The horrors that Elwood witnesses and experiences for himself you can probably imagine at this point. I don’t need to spell them all out for you. Nickel has a part of the campus for white boys and a part of the campus for black boys and in the middle is the White House where they go for extreme corporal punishment. There’s field work and house work but since it’s for kids it’s not a jail, it’s more like a dorm. Kids try to escape and are never seen again, kids break the rules or refuse to follow directions and are never seen again. Sometimes kids graduate back out into the real world, most of the time they don’t.

Honestly I’m horrified, but I’m not surprised. There was a period of time where as a white woman raised in one of the whitest states in the nation I was shocked and appalled by the things I learned about the racial inequities and history in this country.
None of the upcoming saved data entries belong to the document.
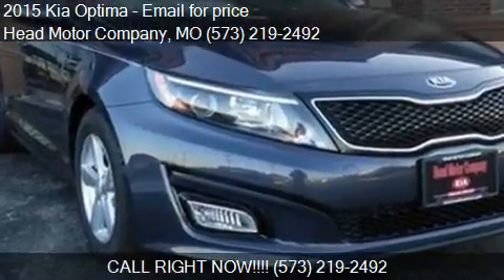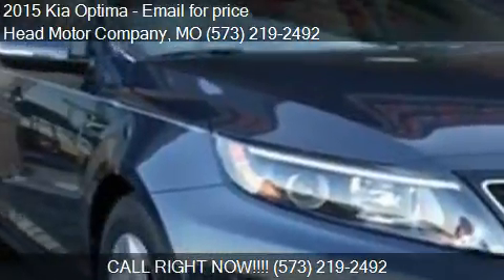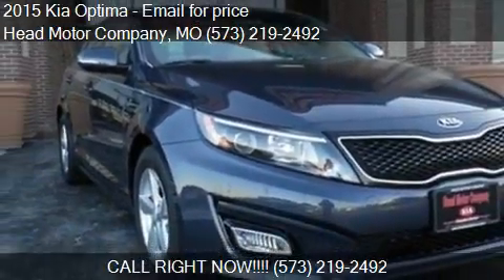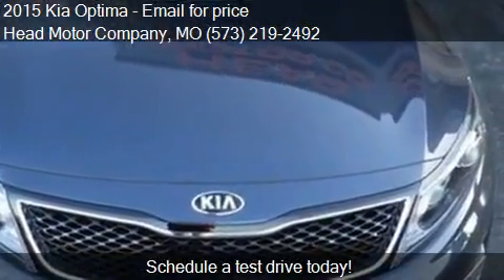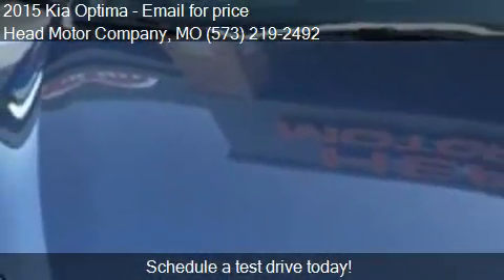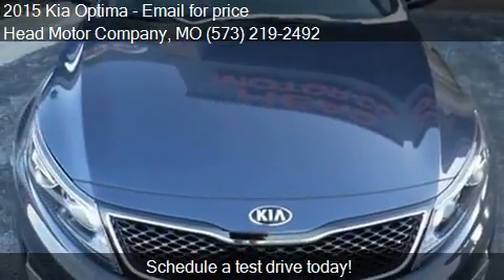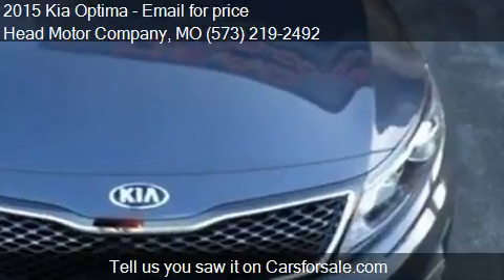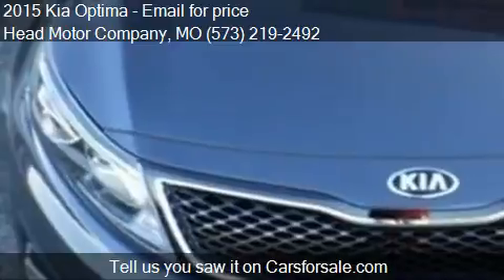This 2015 Kia Optima is offered by Head Motor Company. For any additional information about this vehicle, please feel free to contact us at 573-219-2492. Find us at 400 Business Loop 70 in Columbia, Missouri, on our website, or check us out on carsforsale.com.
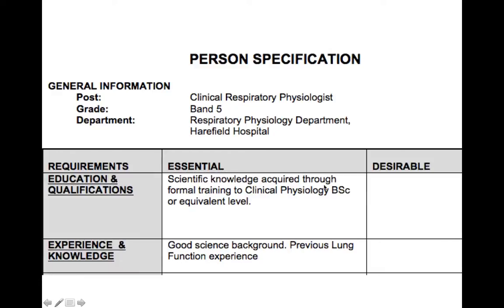We can see that from an educational perspective, they're only really looking for someone who's educated to undergraduate level, although they do specify that a degree in something like clinical physiology would be suitable. So the question is, what can a sport and exercise science graduate do to enhance their level of competitiveness in this job market compared to, for example, a clinical physiology undergraduate?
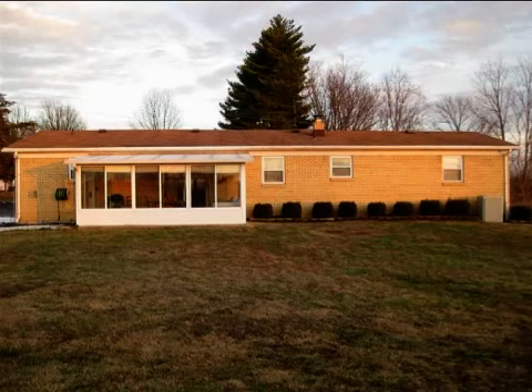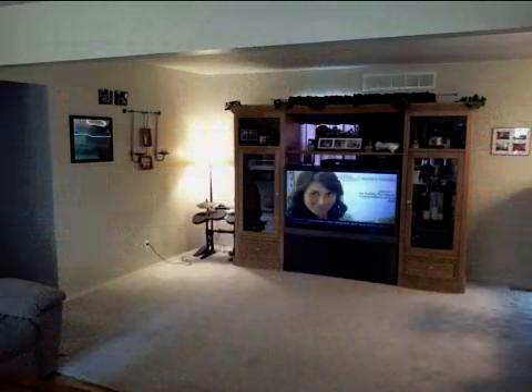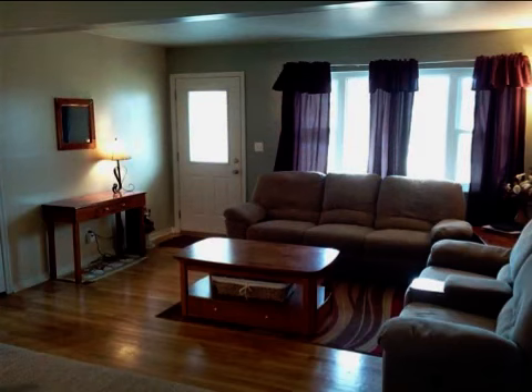Interior features of this property include carpeted flooring, a formal dining room, central air conditioning, natural gas heat, a partly finished basement, and a home warranty.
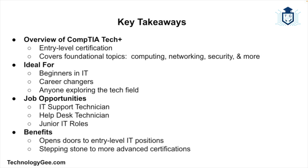So there you have it — the CompTIA Tech Plus certification in a nutshell. To recap: it's an entry-level IT certification covering the basics of computing, networking, security, and much more. It's perfect for beginners, career changers, or anyone who wants to dip their toes into the tech industry. It can open doors to jobs like IT support technician, help desk technician, and other junior IT roles, and it's a stepping stone to more advanced certifications if you decide to go further. The world of IT is big and full of opportunities — whether you're just starting out or switching careers, Tech Plus is a fantastic first step, so why not give it a shot.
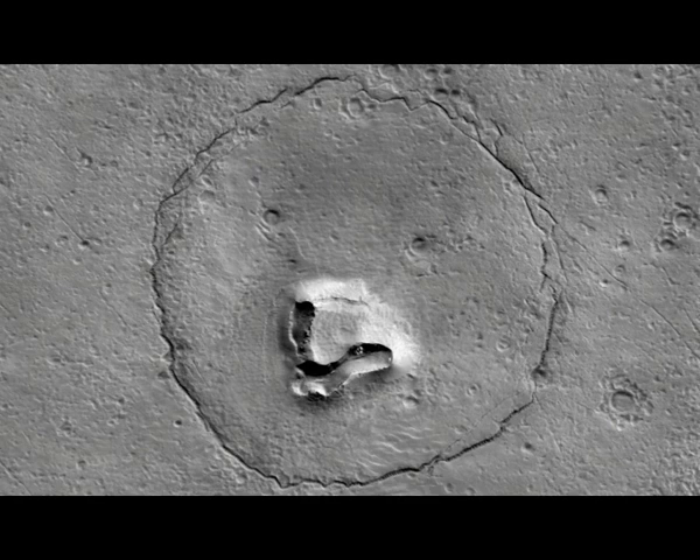The Mars Reconnaissance Orbiter has been orbiting and studying Mars since 2006. The spacecraft is designed to study the geology and climate of Mars, provide reconnaissance of future landing sites, and relay data from surface missions back to Earth. Both strange sites keep emerging on Mars.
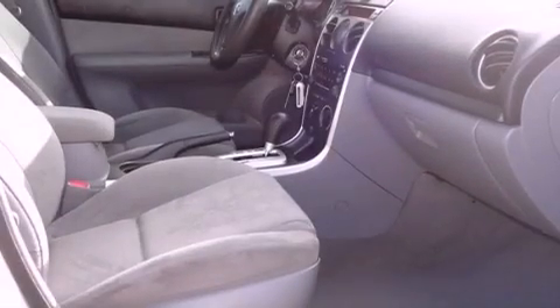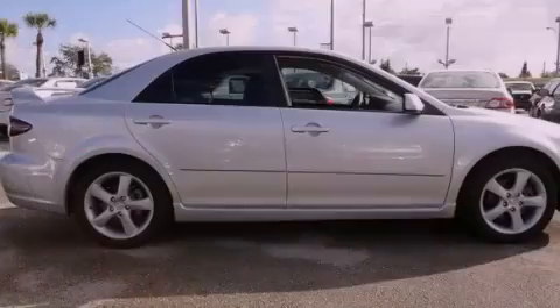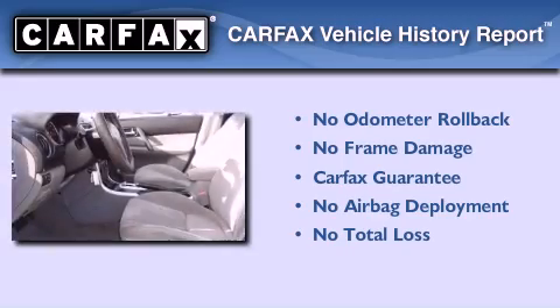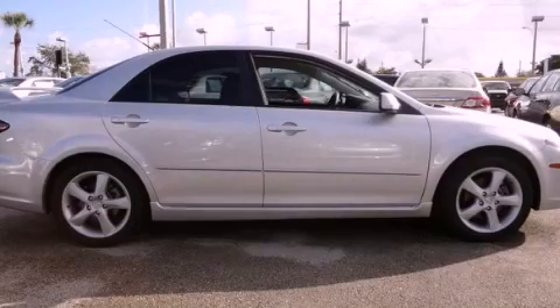With an EPA estimated rating of 28 miles per gallon on the highway, this vehicle pays off in the long run. Not to mention that this Mazda qualifies for the Carfax buyback guarantee. This vehicle is sure to sell fast. Call and arrange your test drive today.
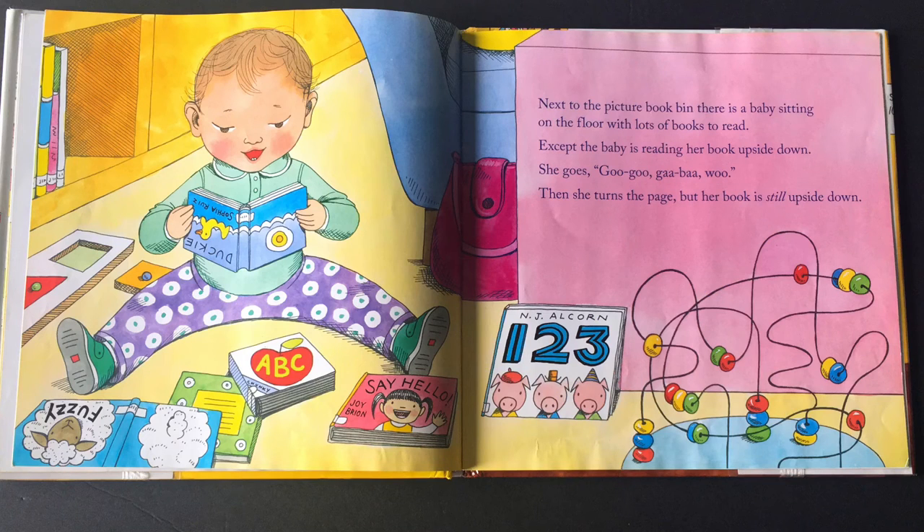Next to the picture book bin, there is a baby sitting on the floor with lots of books to read. Except the baby is reading her books upside down. Then she turns the page, but her book is still upside down.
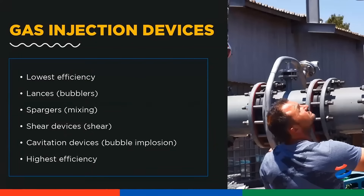Let's put the MUCH into perspective when considering gas injection devices in the industry. Of lowest efficiency are lances and spargers, and at the pinnacle of highest efficiency are cavitation devices that employ bubble implosion, such as the MUCH, to which there is no direct rival, as will unfold from this presentation.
My education on these topics has been fast and complete and now it’s still horrifying, but I’m not numb to it, but I’m rarely surprised. My reaction now is “of course that happened in this nightmare country.”

It’s a short read, so if you’re curious about the history of the Dozier (Nickel) School, it’s worth it to pick up and bear witness to the story. The more people know that this happened, the lower the chance that these children will be forgotten. I linked to several articles at the beginning of the review if you are interested. It was an excellent read. Go get you some.

The Institute

The InstituteThe Institute was a popular one this past year, and when I first put a hold on it at my library I was number 84 on the list. It finally became available with no renewals, because of course someone else was in line behind me to read it, and so I had 14 days to get through this 600 page thrill ride or else send it back or accept the late fines.

I shouldn’t have worried about it. Once I started I couldn’t stop and I was able to finish it in about 8 days. Children are kidnapped from all over the country and taken to the secluded, northern woodlands of Maine to serve at the institute due to their telekinetic or telepathic abilities. Tests and shots and trauma are inflicted in an attempt to enhance these abilities, and then the children are sent to the back half of the institute, from whence they never return. Not surprisingly when our main character Luke is taken, he’s one of the smartest kids to ever enter the institute. When combined with a later arrival Avery, one of the youngest and most powerful telepaths to ever be brought in, they stage an escape that will keep you on the edge of your seat.

I think my favorite King books are the ones that are 90% reality and 10% fantasy. They are the stories that make you believe in the plausibility of the fantastic existing in a world where the daily and mundane tend to hold sway. This story is especially engaging if you know how many children are taken in the US alone every year and never found again; it’s not so unthinkable that something as wild as the institute might be where they were taken, when reality is that it would probably be something just as traumatizing or worse.

Also knowing what I know about northern Maine, you could hide just about anything up there if you had enough money. People say they love Maine but what they mean is that they love the ocean, or Kittery, or Freeport, or Acadia National Park. They don’t know Maine, and the heart of it comes out in so many of King’s books. The terrifying ruralness that hides a multitude of horrors because no one ever goes there to ask questions.

I strongly recommend that you get on your library’s hold list and read this book. It was a fast read for its length, and the story was 100% airtight the entire way. I loved it, and I’m sure you will too. Go get you some.